Even though this negative person calls me a hopeless case, I am deeply loved and completely accepted by God. Even though this naysayer continues to hoist my past into full and humiliating view of the public, I am deeply loved and completely accepted by you. Even though this negative person is holding me back, I am completely loved by you...and I am completely accepted by you.
Top of head: I have this negative person in my life.
Eyebrow: This negative person.
Outer eye: This person who labels me a loser...a ne’er do well...riff raff.
Under eye: This person who pushes me down every time I try to get up and move on.
Under nose: This naysayer is really bugging me.
Under lip: This person’s negativity has started to get to me.
Collarbone: People are believing this person’s negative talk about me.
Underarm: I don’t know what to do. I feel trapped.
Wrists: I may be believing some of this negative person’s beliefs about me.

Top of Head: Even though this person is saying negative things about me, I am deeply loved and completely accepted by God.
Eyebrow: Even if I’m as bad as this person is saying, I am deeply loved and completely accepted by God.
Outer eye: I’m probably not THAT bad.
Under eye: This negative person is relentless.
Under nose: I don’t know why they are relentless.
Under lip: When I was a child and someone behaved like this s/he was called a “bully.”
Collarbone: This bully is deeply loved and completely accepted by God.
Underarm: When a bully hurt someone when I was a child, I could find an adult to resolve the issue.
Wrists: Perhaps God can resolve this issue through this tapping prayer.
Top of head: I wonder what’s in it for me to continue my relationship with this person? Maybe I could change this relationship.
Eyebrow: Maybe I could put some limits on this relationship.
Outer eye: The negative person might get upset.
Under eye: I’m upset.
Under nose:I can consider letting go of this negativity.
Under lip: I can consider claiming my own truth.
Collarbone: I am deeply loved and completely accepted by God.
Underarm: I can consider that I am free from this negative person’s remarks and behavior.
Wrists: I have this negative person in my life.
Top or Head: Even though I have this negative person in my life, I am deeply loved and completely accepted by God.

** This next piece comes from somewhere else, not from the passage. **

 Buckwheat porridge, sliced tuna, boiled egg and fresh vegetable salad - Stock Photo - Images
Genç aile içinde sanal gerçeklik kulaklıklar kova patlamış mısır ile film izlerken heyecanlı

Take a deep breath...and thank God for being with you as an advocate and healer regarding this bully in your life. Check your SUD and determine if the spirit has shifted any when you think about this naysayer who has been bringing you down. If there are any new issues that came up while you were praying, write those down, give them a SUD, and try prayer tapping on those issues.

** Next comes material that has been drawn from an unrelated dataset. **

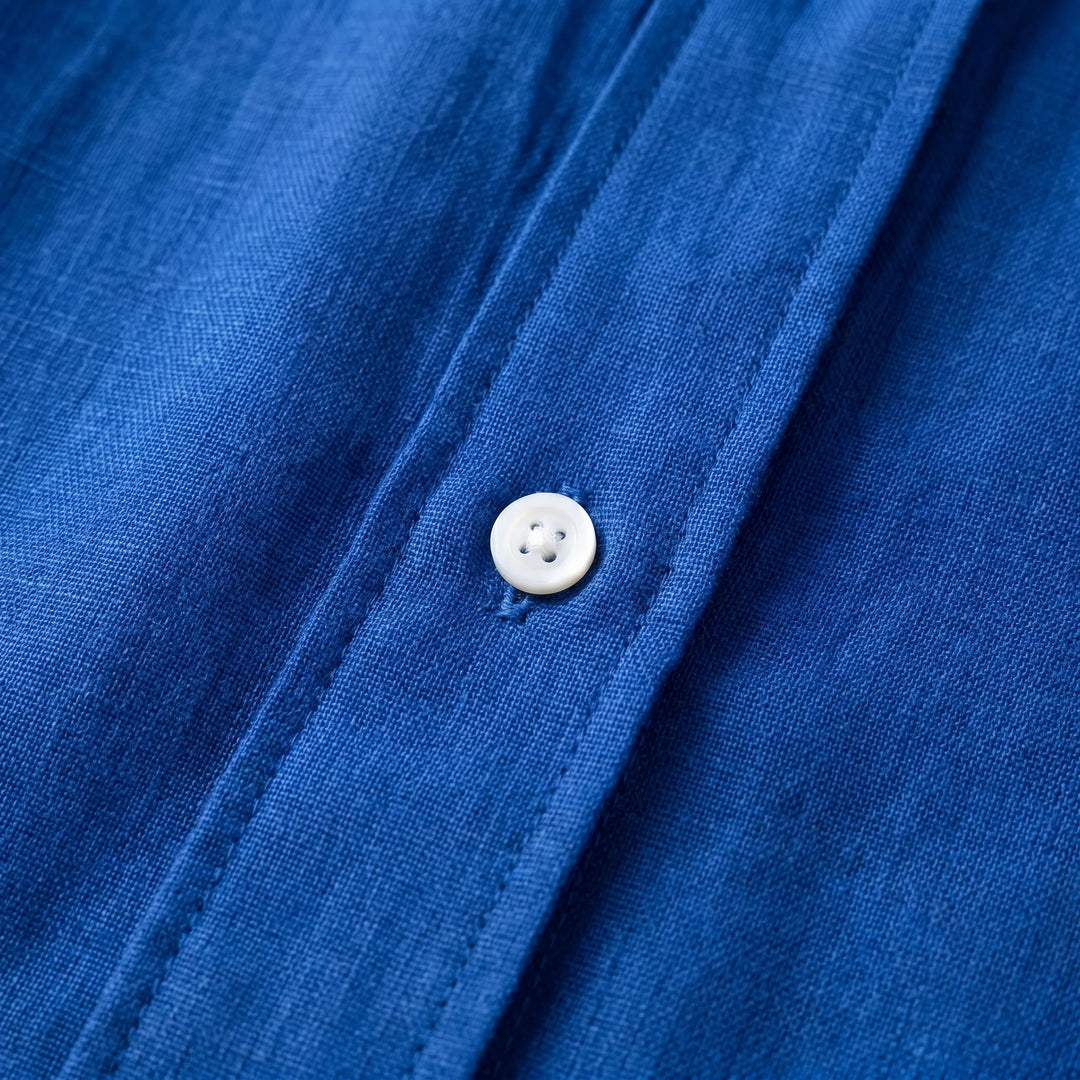 Casual long sleeve button-down blouse for women, relaxed fit. Ideal lightweight top for comfortable summer wear.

When Jesus heard the naysayers complaining about Matthew, he let them know that they had it all wrong. He affirmed that Matthew was on the right track and that it was the religious leaders who had some “‘splaining to do.”

Peace,
todd
ps. Check out next week’s Tuesday Tap: prayer tapping on not having enough time to do everything.

Friday, March 29, 2013

Good Friday tapping on the death of a loved one


50 And when Jesus had cried out again in a loud voice, he gave up his spirit.
51 At that moment the curtain of the temple was torn in two from top to bottom. The earth shook, the rocks split 52 and the tombs broke open. The bodies of many holy people who had died were raised to life. 53 They came out of the tombs after Jesus’ resurrection and[e] went into the holy city and appeared to many people.
54 When the centurion and those with him who were guarding Jesus saw the earthquake and all that had happened, they were terrified, and exclaimed, “Surely he was the Son of God!” --Matthew 27: 50-54


I have been with many people as they died. Sometimes the passing from this life into a next is peaceful. Sometimes it’s restless. Sometimes (as in Jesus’ case) traumatic. When death comes, the person is still. They are at peace. The family and friends who gather by their side at that moment, have lots of other responses ranging from sadness, to disbelief, to anger, to regret, to relief, to confusion. People might even cry out something unusual, like, “Surely he was the Son of God!”

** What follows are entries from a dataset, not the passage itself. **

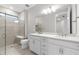 Bright bathroom featuring double vanity, frameless glass shower, and tile flooring at 7661 Summerland Cv, Bradenton, FL 34202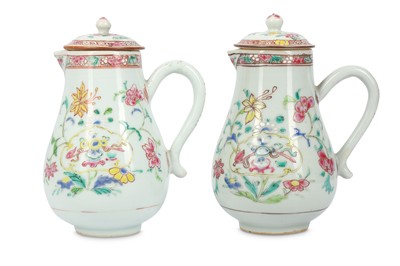 Lot 601 - A PAIR OF CHINESE FAMILLE ROSE JUGS AND COVERS....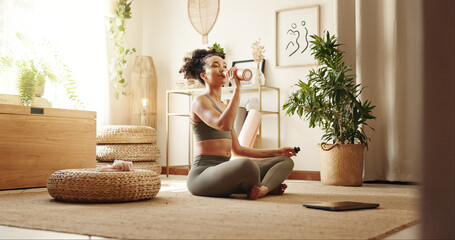 Woman, drinking water and yoga in home for fitness, peace or thirsty in session on floor. Girl,...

All of these emotions can leave the survivor feeling less than peaceful. God hopes for us to have peace, even in the midst of our grief. Today’s tapping prayer is targeted at the grief we experience after the death of a loved one.


Before we begin to pray, please take a moment to identify a loss in your life. Take an inventory of the feelings you have associated with that loss, and give those feelings a SUD. If you are new to tapping prayer, you can learn the basic recipe by clicking here. After you choose one feeling (there will be time to attend to other feelings around your loss after we pray for this first issue), please take responsibility for your tapping prayer, and let’s pray:


Surely you know the pain of loss, God. You watched Jesus die a terrible death. You were there with his family and friends as he drew his last breath. You gathered Jesus up into your arms and brought him into new life, even though those by his side could only think about the days that they had already spent with him. We have experienced such a loss in our life. We have deep feelings associated with that loss, and we are bringing those feelings to you today, in prayerful hope that you can heal us, and bring us peace.

Hear us as we pray,
Karate Chop: Even though I have this loss, I am deeply loved and completely accepted by God. Even though my loved one has died, I am deeply loved and completely accepted by God. Even though I have this heavy feeling associated with my loved one’s death, God is loving me and accepting me completely.
Top of Head: I have this loss.
Eyebrow: I miss my loved one a lot.
Outer eye: I have this deep feeling about my loved one’s death.
Under eye: I have this deep feeling about God concerning my loved one’s death.
Under nose: I have this death I am dealing with.
Under lip: This death that is keeping me from feeling peaceful.
Collarbone: I am distracted by this feeling I have.
Underarm: I can’t feel peace with this feeling pulsing through my soul.
Wrists: I have this death of a beloved person in my life.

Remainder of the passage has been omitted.